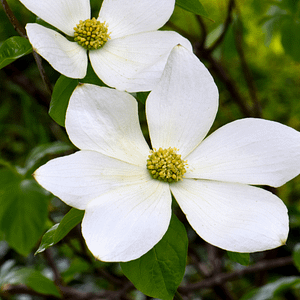 ELIXIR FLORAL DOGWOOD (douleurs du corps)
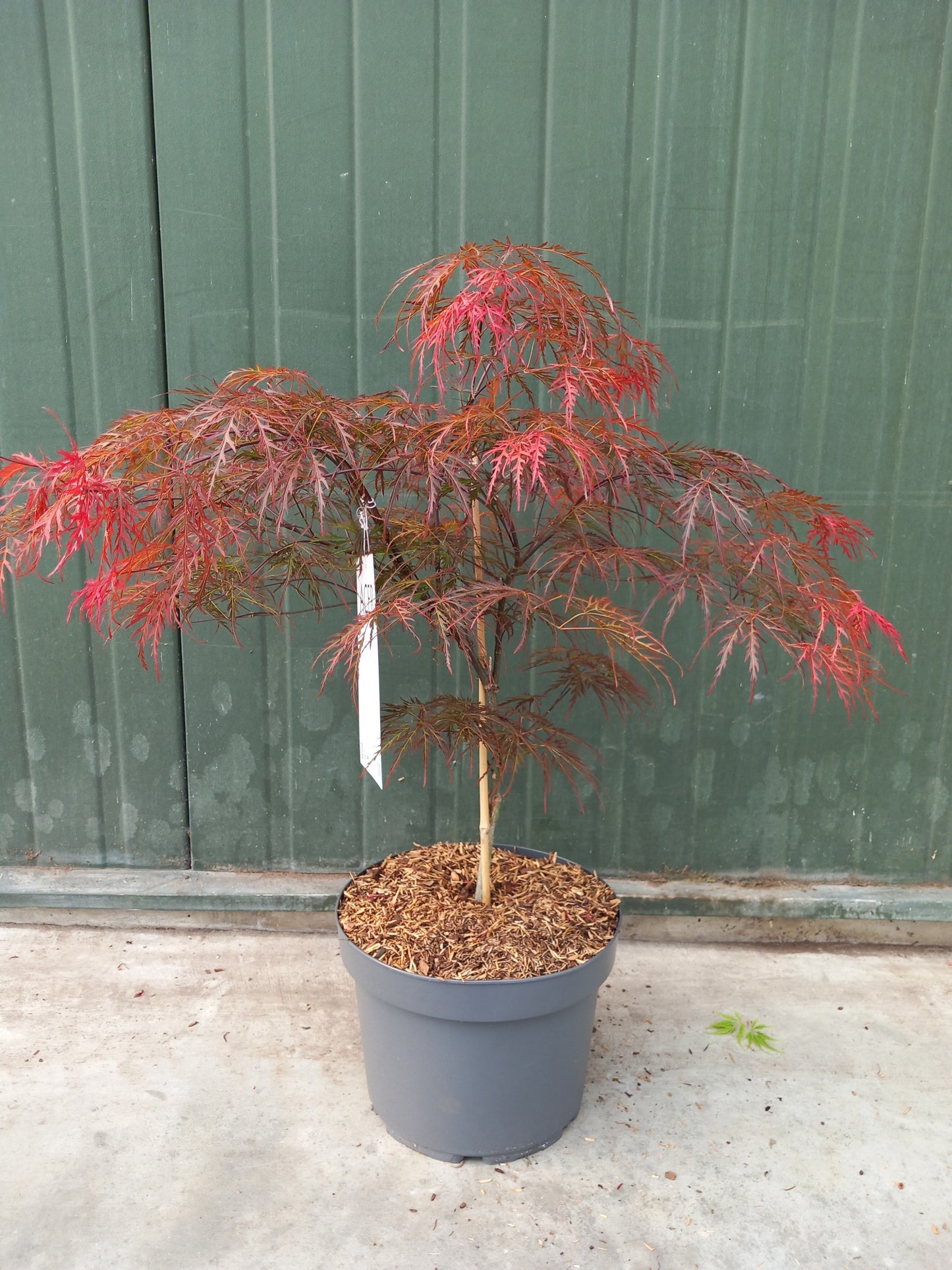 Acer palmatum 'Garnet' en pot de culture, photographie fournisseur représentative du lot de 20 plantes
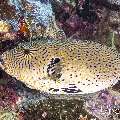 Map Puffer (Arothron mappa), photo taken in Indonesia, East Nusa Tenggara, West Manggarai Regency, Pengah Kecil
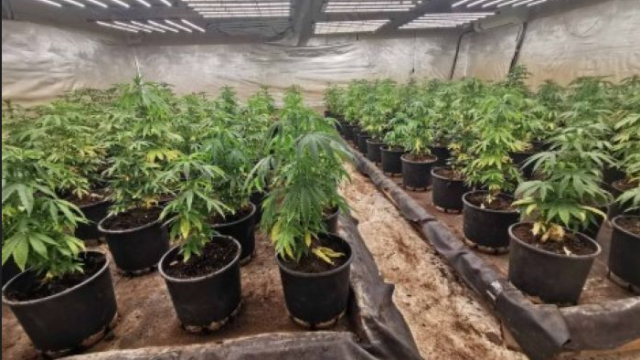 Варненската полиция разкриха две оранжерии за отглеждане на марихуана в две села край Варна
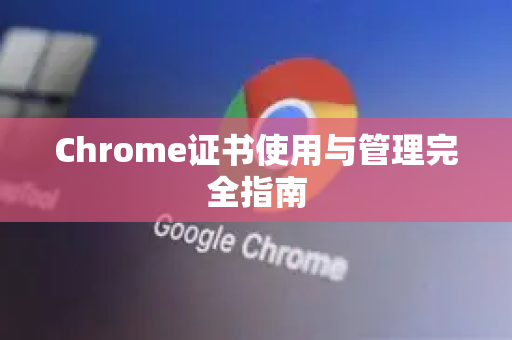 Chrome证书使用与管理完全指南-第1张图片-Chrome下载官网|Google官方浏览器下载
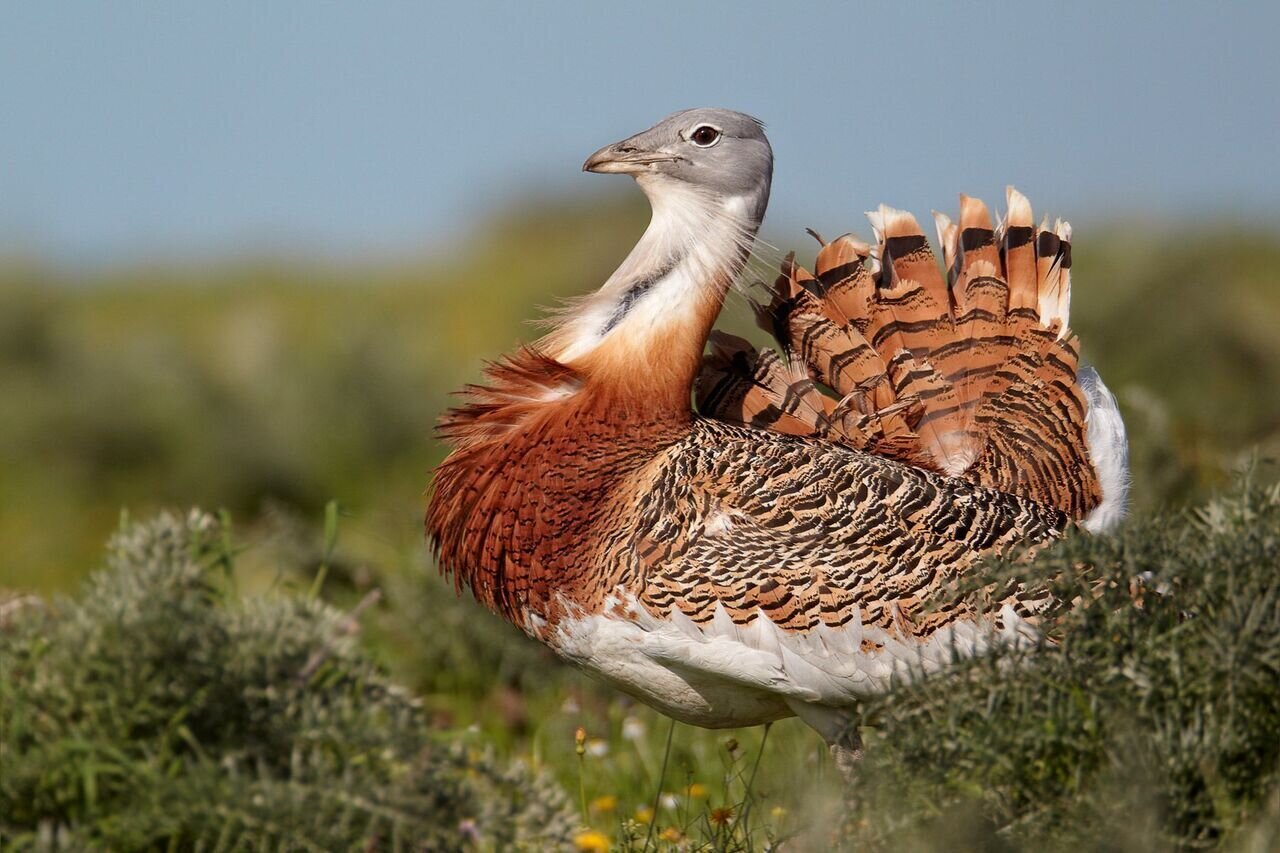 Great bustard close to extinction, DOE warns
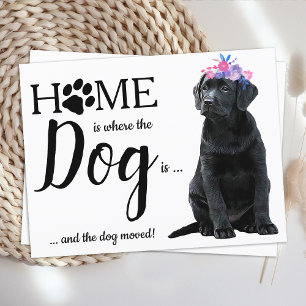 Black Labrador Vi har flyttat Hund Flytta Meddelande Vykort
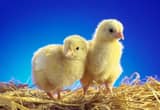 Chicks, Chickens, Poultry 60 Breeds
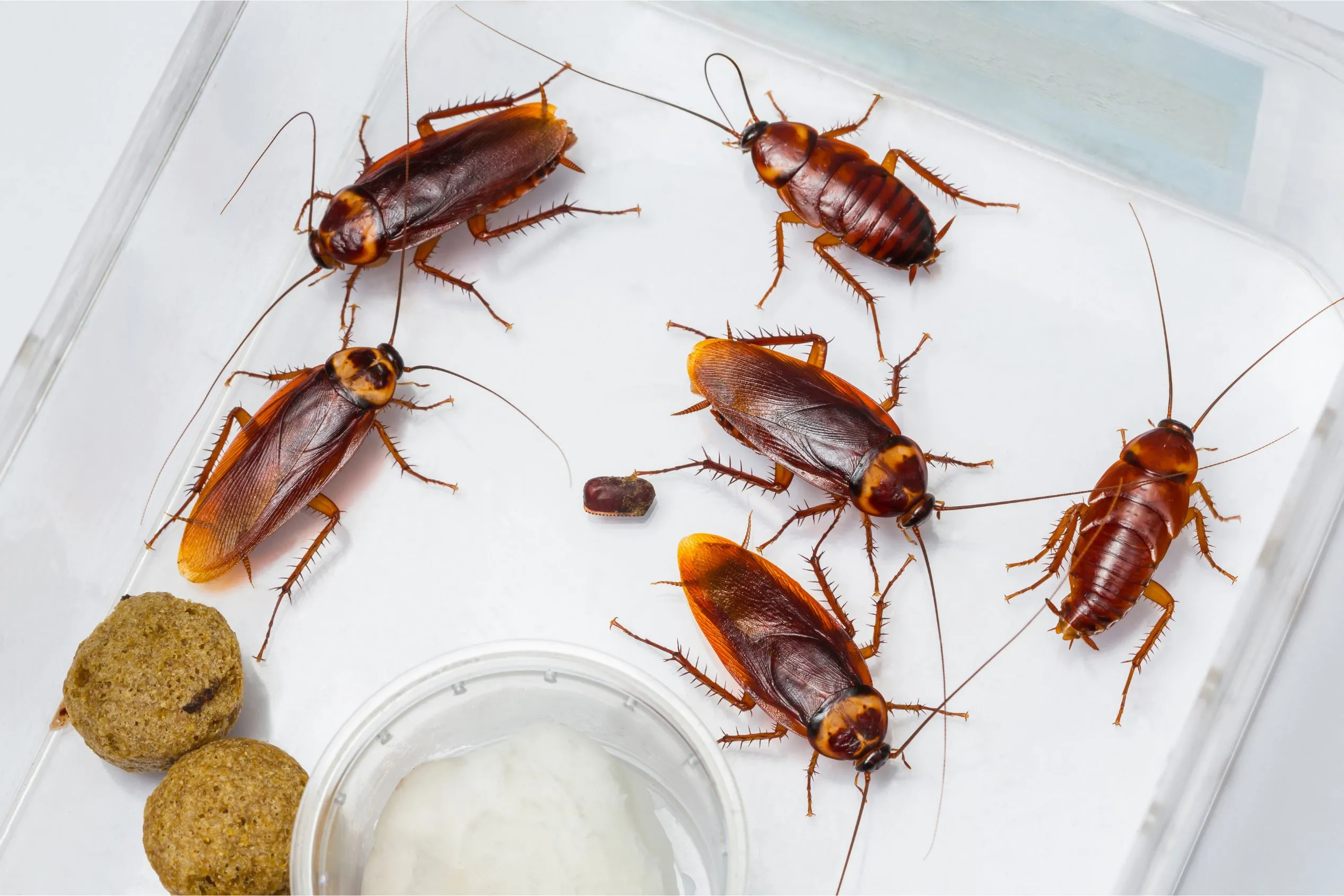 Cucarachas en un contenedor de vidrio con comida a falta de control de plagas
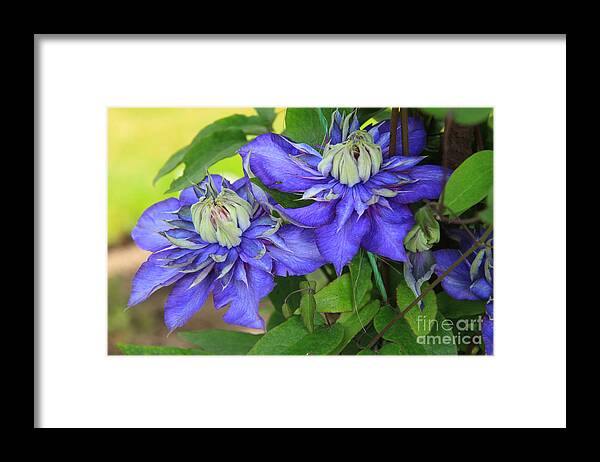 Photography Framed Print featuring the photograph Blue Clematis by Jeanette French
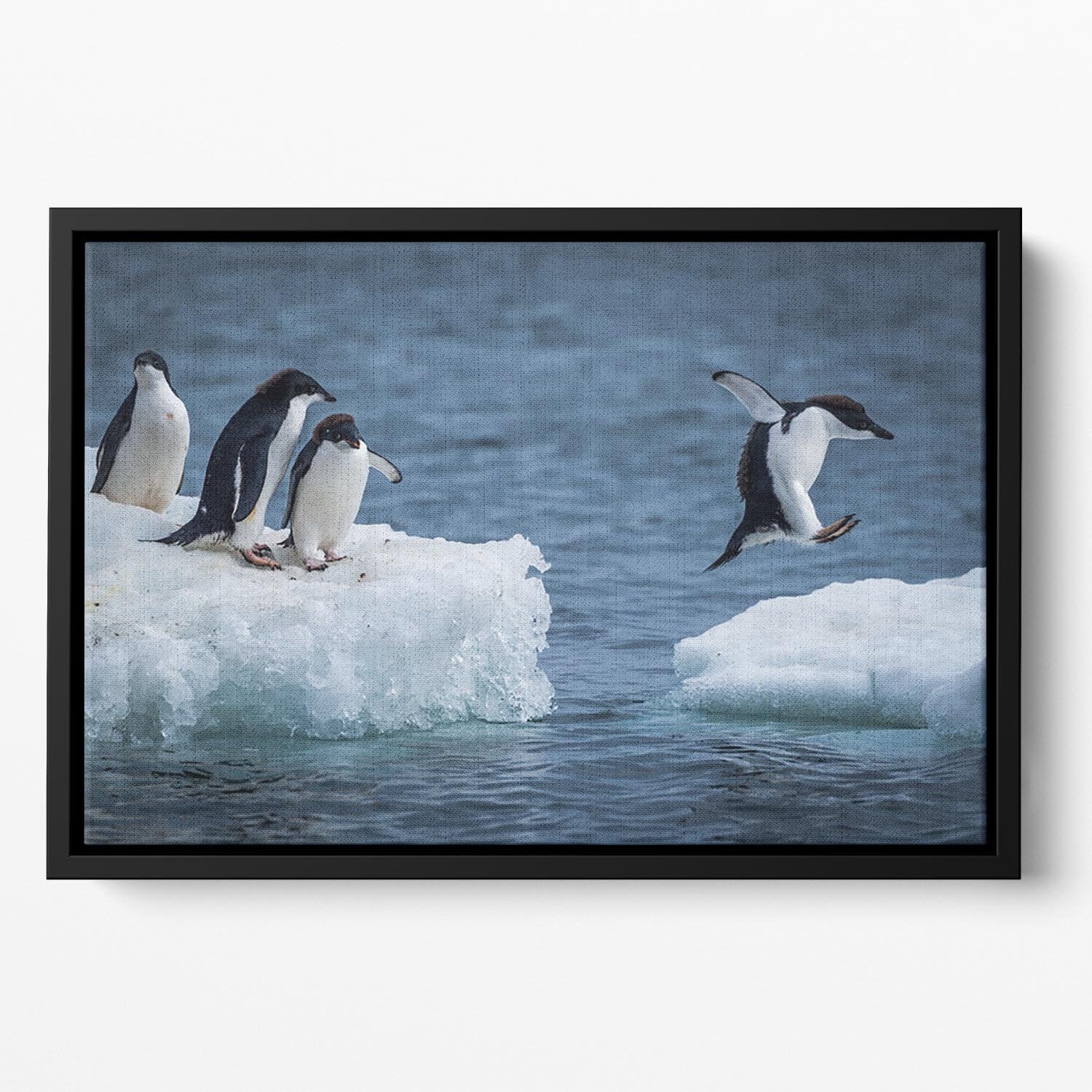 Adelie penguin jumping between two ice floes Floating Framed Canvas - Canvas Art Rocks - 2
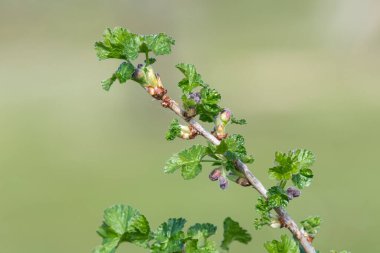 Avrupa bektaşi üzümünün (ribes uva-crispa) kapanışı çiçek açmaya başlar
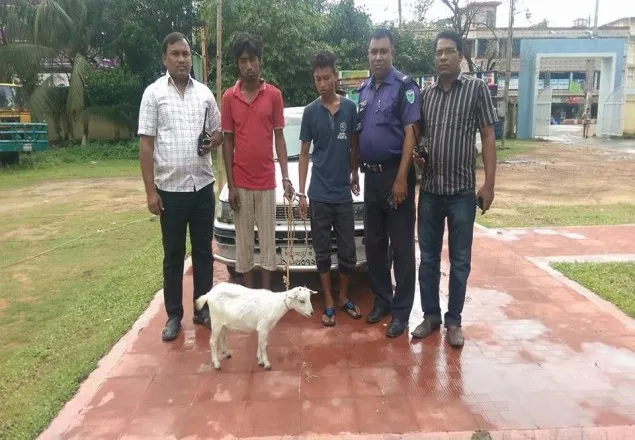 মৌলভীবাজরে প্রাইভেটকার সহ ছাগল চোর গ্রেফতার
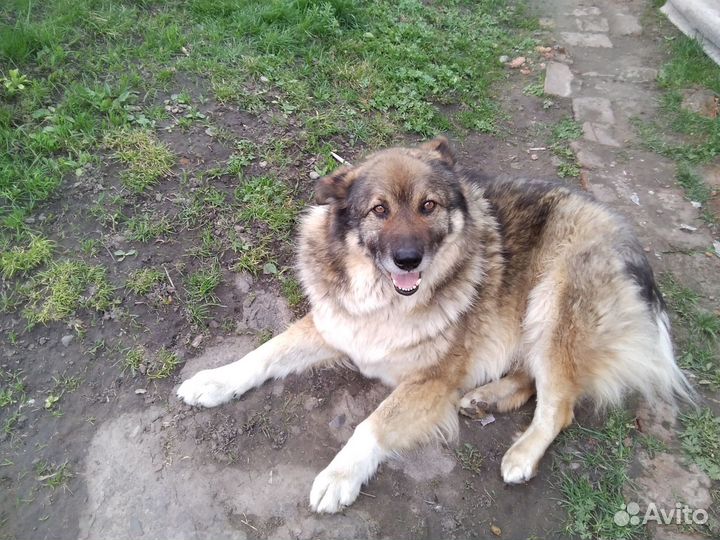 Мальчик в добрые руки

EXERCISE GOAL: Copy the listing above verbatim, leaving out pictures.

OUTPUT:
 ELIXIR FLORAL DOGWOOD (douleurs du corps)
 Acer palmatum 'Garnet' en pot de culture, photographie fournisseur représentative du lot de 20 plantes
 Map Puffer (Arothron mappa), photo taken in Indonesia, East Nusa Tenggara, West Manggarai Regency, Pengah Kecil
 Варненската полиция разкриха две оранжерии за отглеждане на марихуана в две села край Варна
 Chrome证书使用与管理完全指南-第1张图片-Chrome下载官网|Google官方浏览器下载
 Great bustard close to extinction, DOE warns
 Black Labrador Vi har flyttat Hund Flytta Meddelande Vykort
 Chicks, Chickens, Poultry 60 Breeds
 Cucarachas en un contenedor de vidrio con comida a falta de control de plagas
 Photography Framed Print featuring the photograph Blue Clematis by Jeanette French
 Adelie penguin jumping between two ice floes Floating Framed Canvas - Canvas Art Rocks - 2
 Avrupa bektaşi üzümünün (ribes uva-crispa) kapanışı çiçek açmaya başlar
 মৌলভীবাজরে প্রাইভেটকার সহ ছাগল চোর গ্রেফতার
 Мальчик в добрые руки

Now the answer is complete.